Certamente houve alguma “re-regulamentação”, especialmente no sistema bancário. A questão é saber se foi suficiente para torná-lo seguro. A minha visão pessoal é a de que os perigos criados pelas instituições financeiras altamente alavancadas e “grandes demais para falir” ainda existem. Também vejo um risco crescente de desregulamentação, especialmente nos EUA, o que poderia ser muito perigoso.

O senhor escreveu que as economias ricas ficaram mais parecidas com as da América Latina. É possível fazer as economias latino-americanas se parecerem mais com as ricas?

Parece pouco provável que isso aconteça. As evidências indicam que nos últimos 40 anos todos os países latinoamericanos descobriram ser impossível saltar da condição de países de renda média para países de alta renda. Isso sugere fraquezas profundas em seus sistemas econômicos e políticos. Para mim, as maiores dificuldades parecem estar no ciclo entre o controle por elites predadoras, de um lado, e o controle por populistas predadores, de outro. Entre muitos aspectos, os resultados disso foram as baixas taxas de poupança nacional, populações com baixos níveis de educação e empresas pouco competitivas internacionalmente, à exceção de alguns setores, em especial ligados às commodities.

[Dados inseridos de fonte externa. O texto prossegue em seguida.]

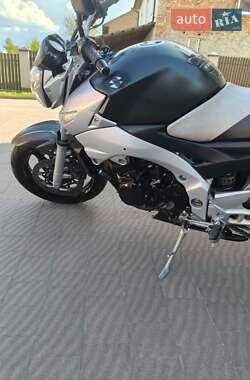 Мотоцикл Спорт-туризм Suzuki GSR 600 2006 в 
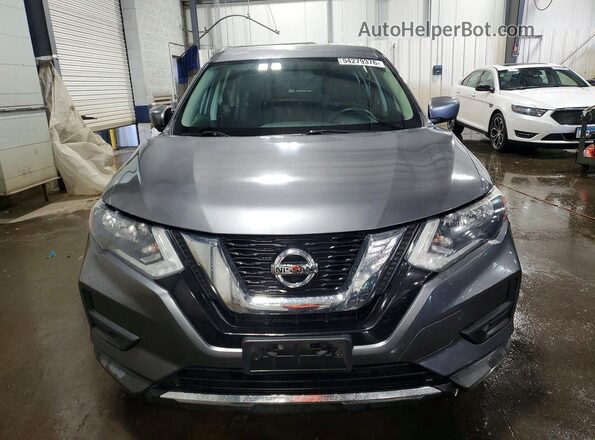 KNMAT2MT8HP569693 2017 NISSAN ROGUE Серый Вид спереди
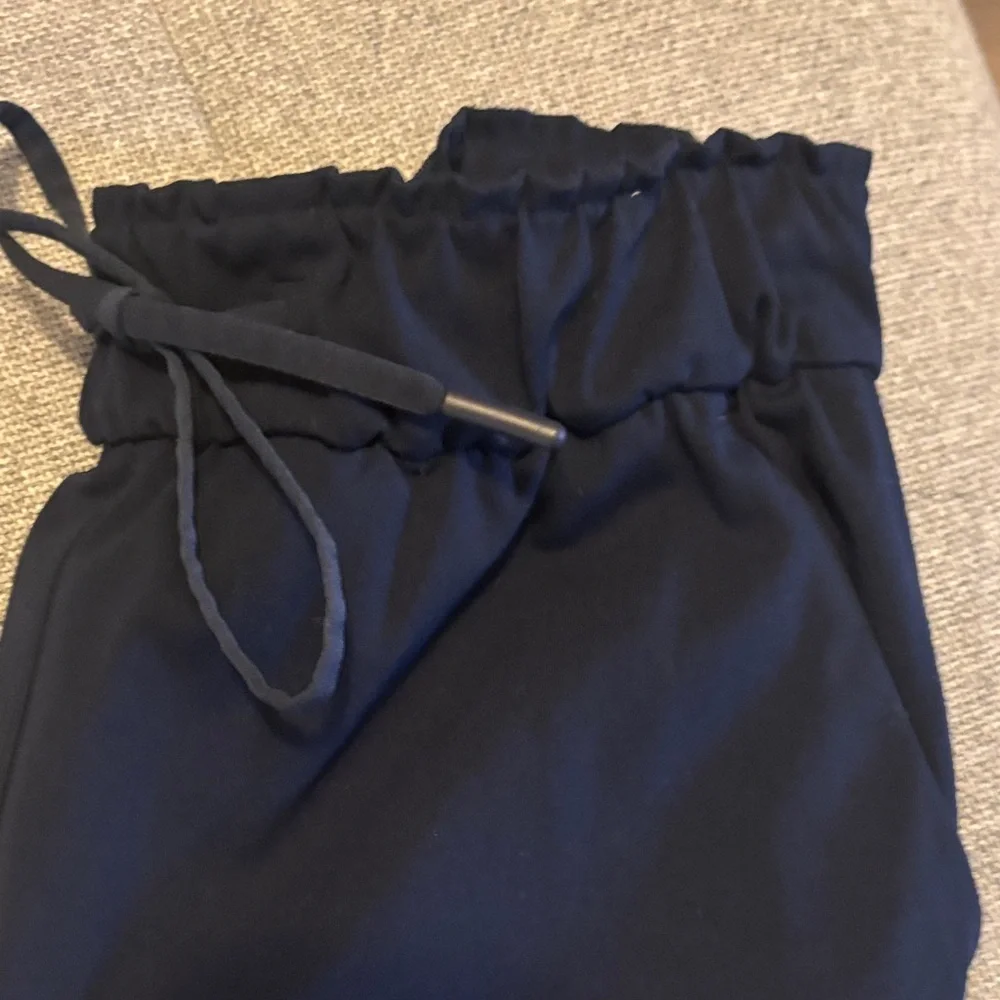 Lululemon Athletica Navy Joggers - Picture 2 of 3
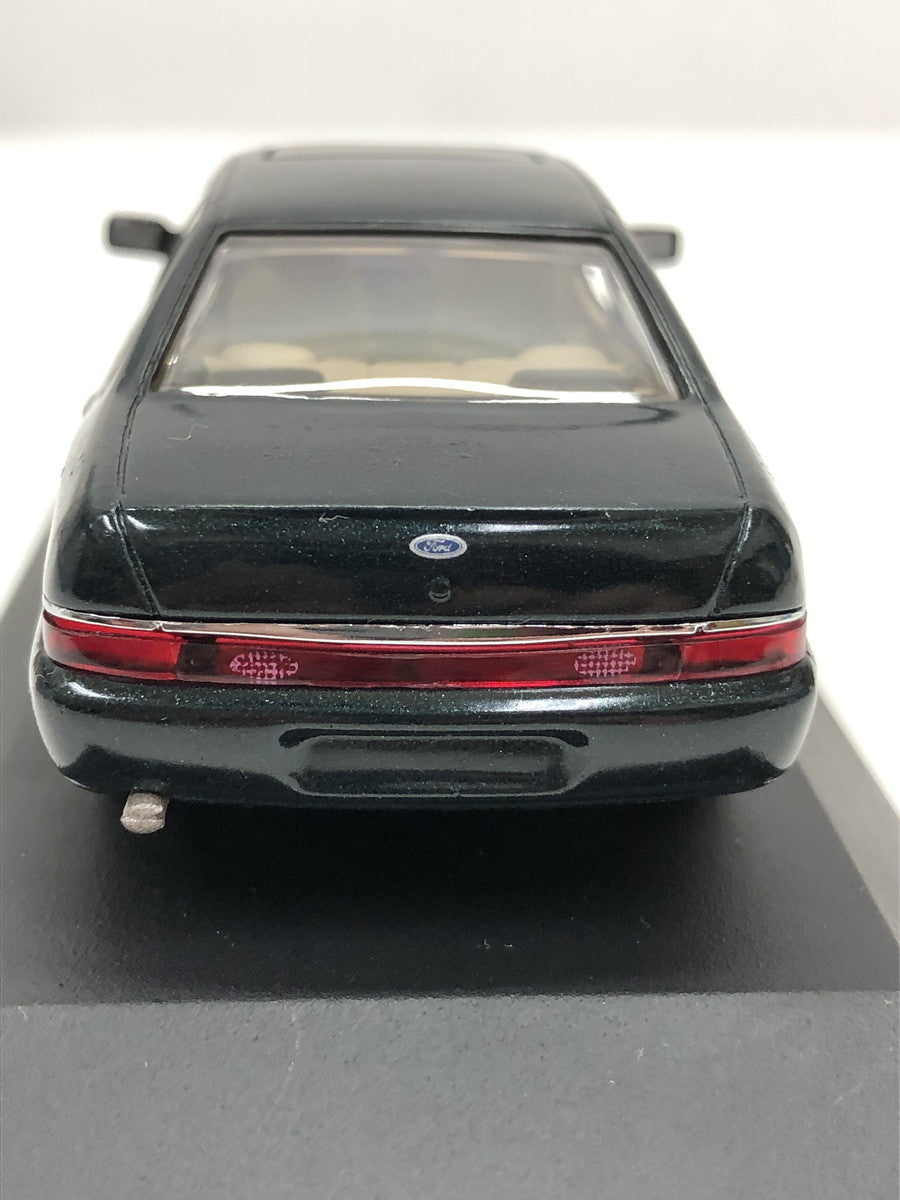 1/43 Ford Scorpio 1995 スケールカー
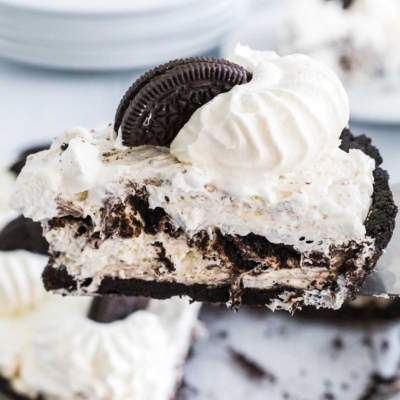 No Bake Oreo Pie - Spaceships and Laser Beams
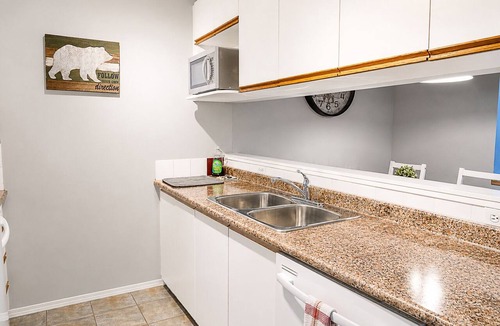 Canmore House | Cozy gateway downtown - Pet Friendly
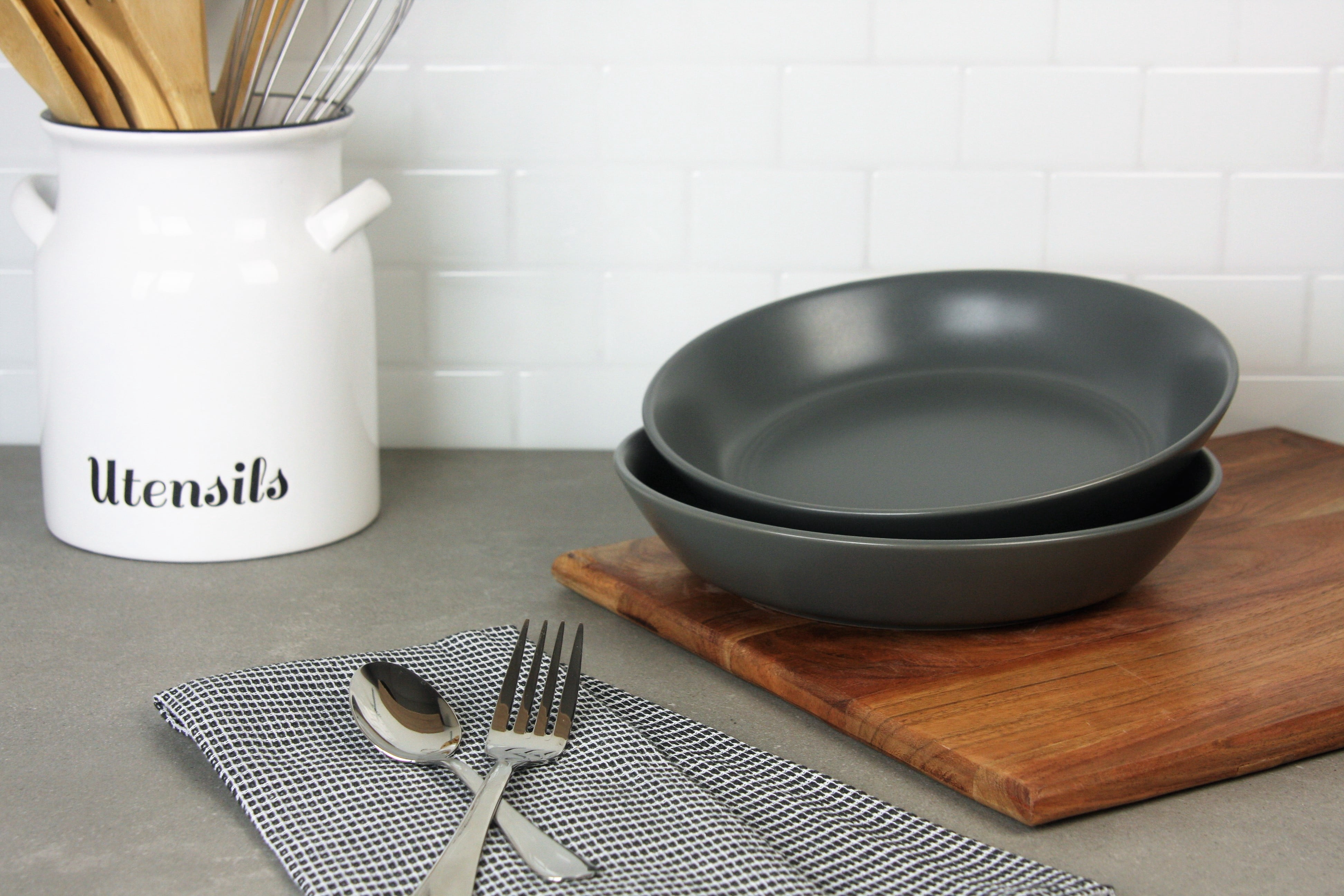 10 Strawberry Street Double Line 9.5"/36 oz Round Dinner Bowl, Set of 2, Matte Gray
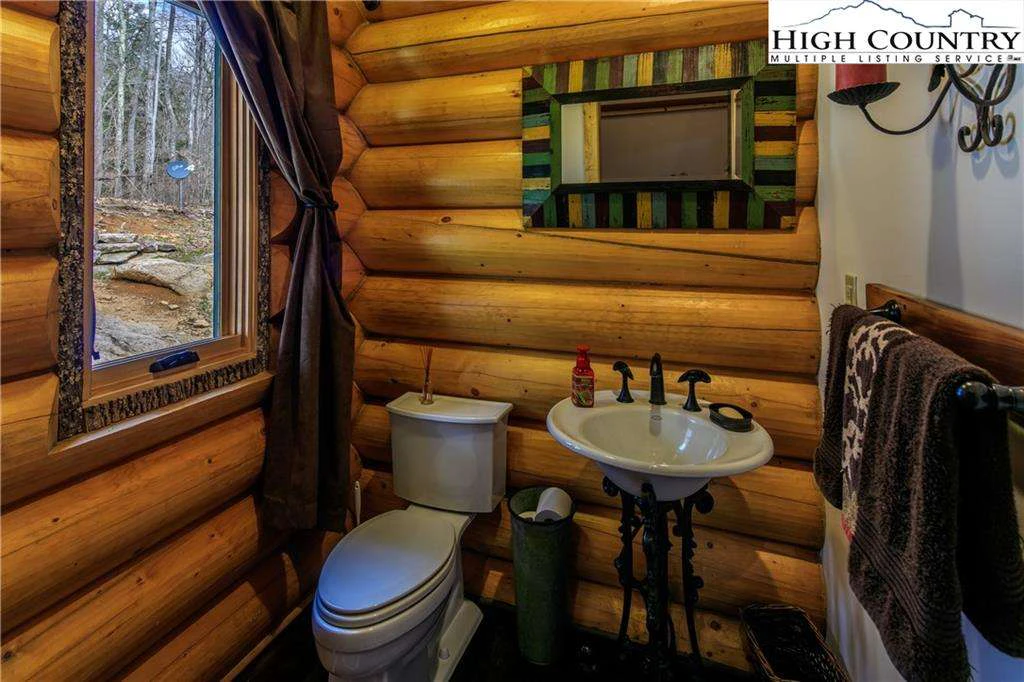Image number 2 for the current listing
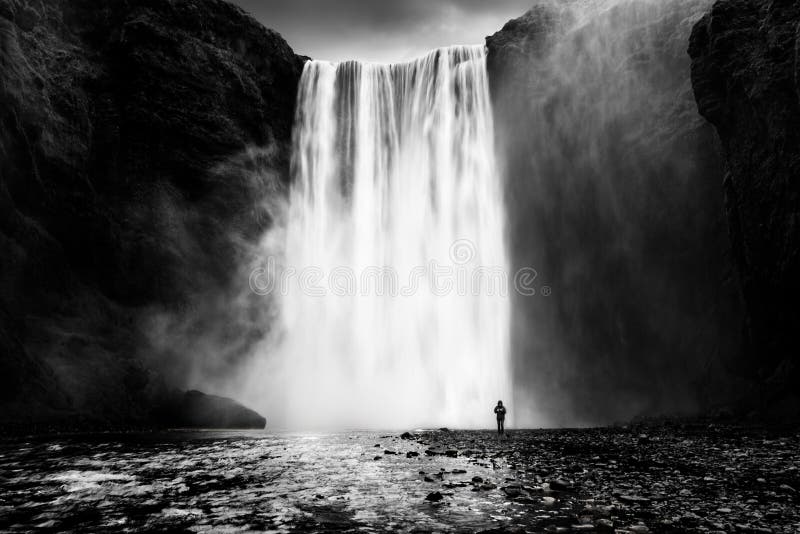 Skogafoss-Wasserfall mit einem einsamen Mann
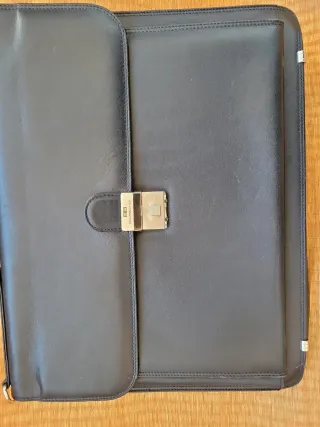 Maletín Balenciaga Negro en 
Piel





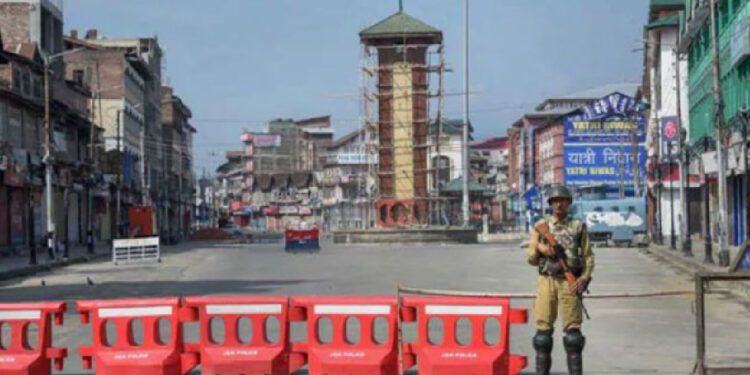 2 Teachers Killed By Terrorists in Srinagar 3 Days After Serial Attacks
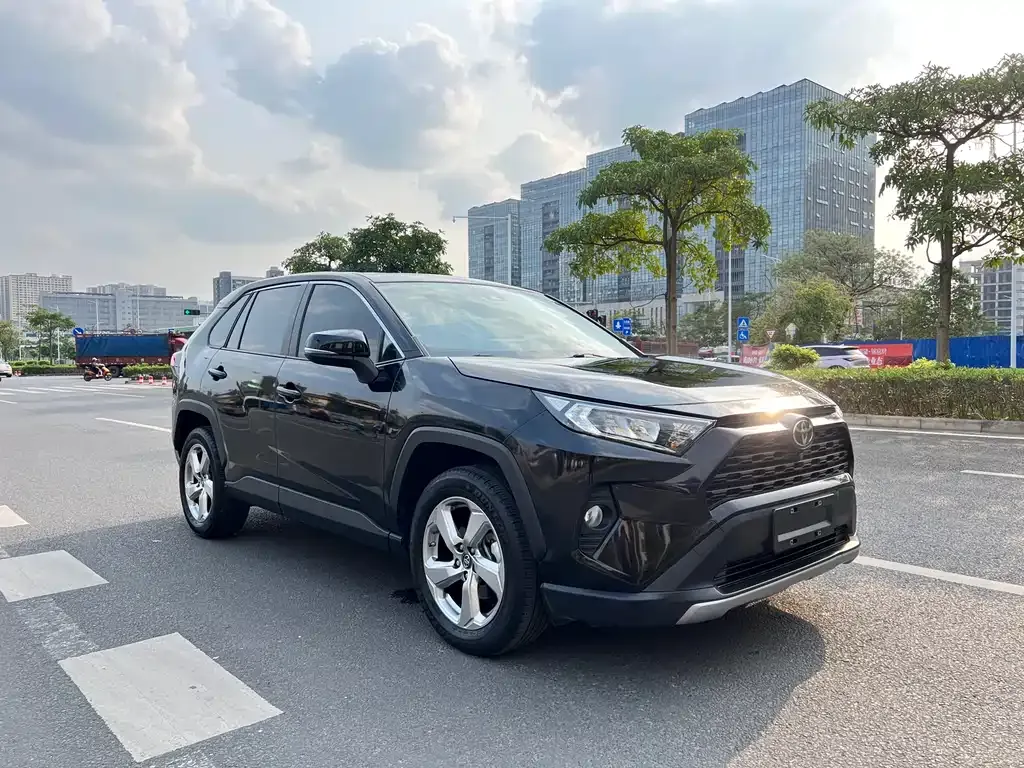 Toyota RAV4 2021 из CN, фото 4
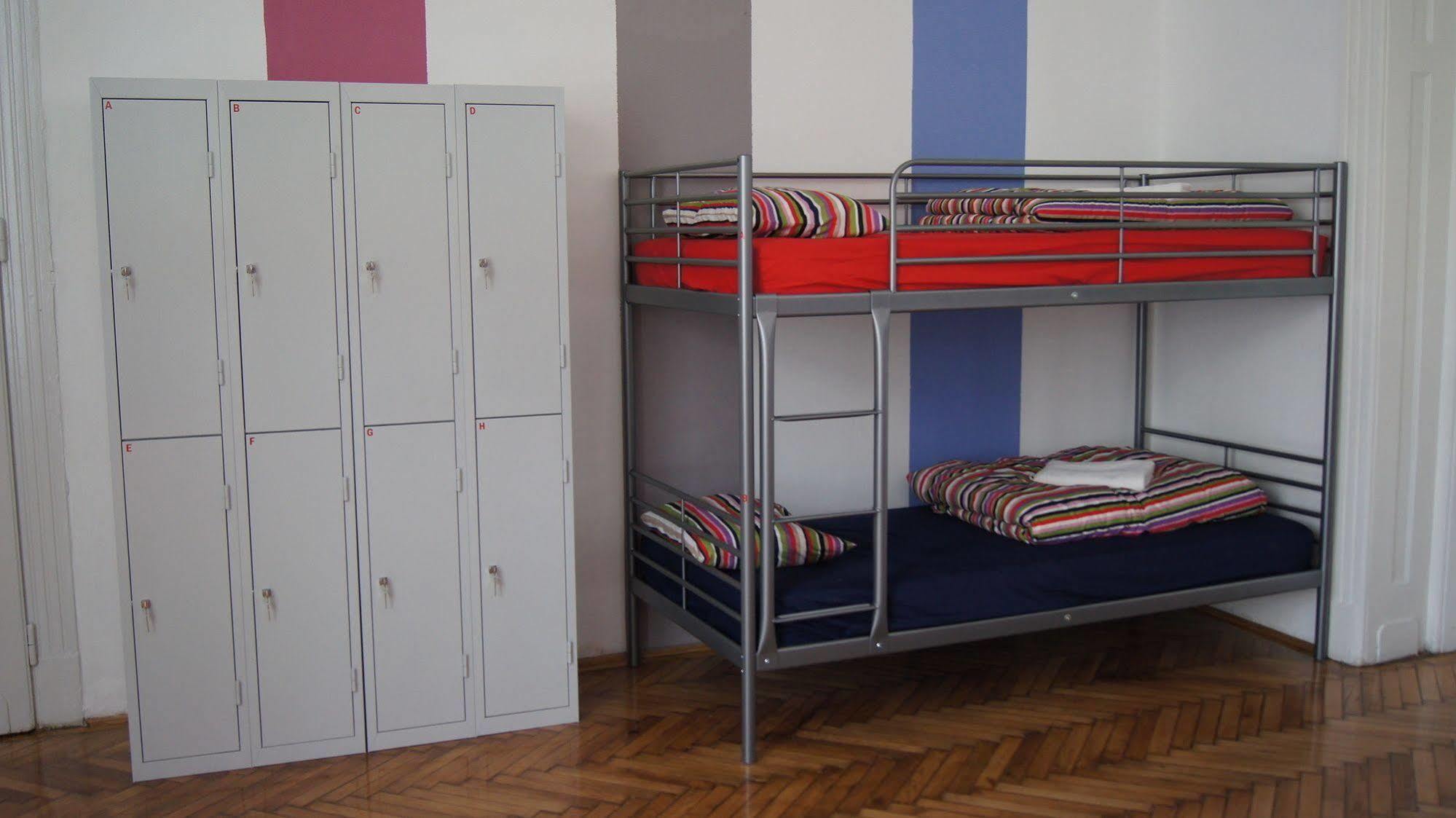 Westend Hostel Budapest Exterior foto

O senhor diz que os sistemas tributários se tornaram mais regressivos, sem justificativa econômica. A questão está presente no debate europeu sobre como taxar mais as gigantes da tecnologia. O que impede mudanças?

É difícil taxar empresas cuja localização não pode ser determinada com facilidade, como é o caso das grandes companhias de tecnologia. Além disso, para tributar empresas como essas é preciso cooperação entre as autoridades tributárias. Mas esses negócios também são poderosos lobistas, o que torna essa cooperação internacional ainda mais complicada.

É possível conter as altas taxas de desemprego entre os jovens e ao mesmo tempo lidar com o impacto das novas tecnologias no mercado de trabalho?

Acredito que sim. O Reino Unido tem uma taxa de emprego razoavelmente alta, mesmo entre os jovens, e está exposto a novas tecnologias. O desempenho do mercado de trabalho é determinado principalmente pela disponibilidade de mão de obra qualificada e pela qualidade das políticas voltadas a este mercado.As tecnologias ainda poderão destruir uma grande quantidade de empregos em termos líquidos. Mas isso ainda não aconteceu. Uma questão mais grave pode ser seu impacto na desigualdade.

A internet e as mídias sociais têm relação com os protestos que estão acontecendo no mundo neste momento?

Certamente. O populismo de hoje, que é menos organizado e disciplinado do que o da década de 1930, está ligado à facilidade da disseminação de propaganda e de mentiras deslavadas a partir das mídias modernas. No entanto, a explosão da demagogia não teria acontecido se o terreno já não tivesse sido fertilizado por mudanças econômicas e culturais.

A atual guerra comercial e tecnológica entre EUA e China dificulta a tarefa de reformar o capitalismo?

Ela torna tudo mais difícil, uma vez que faz com que o que poderia ser uma energia valiosa para promover reformas vire um conflito comercial conduzido pela xenofobia. Há questões importantes a serem discutidas com a China. Mas a China não causou o mal-estar econômico e social nos EUA. Culpá-la não fará o mal-estar desaparecer. A China virou um bode expiatório. E isso é sempre um perigo.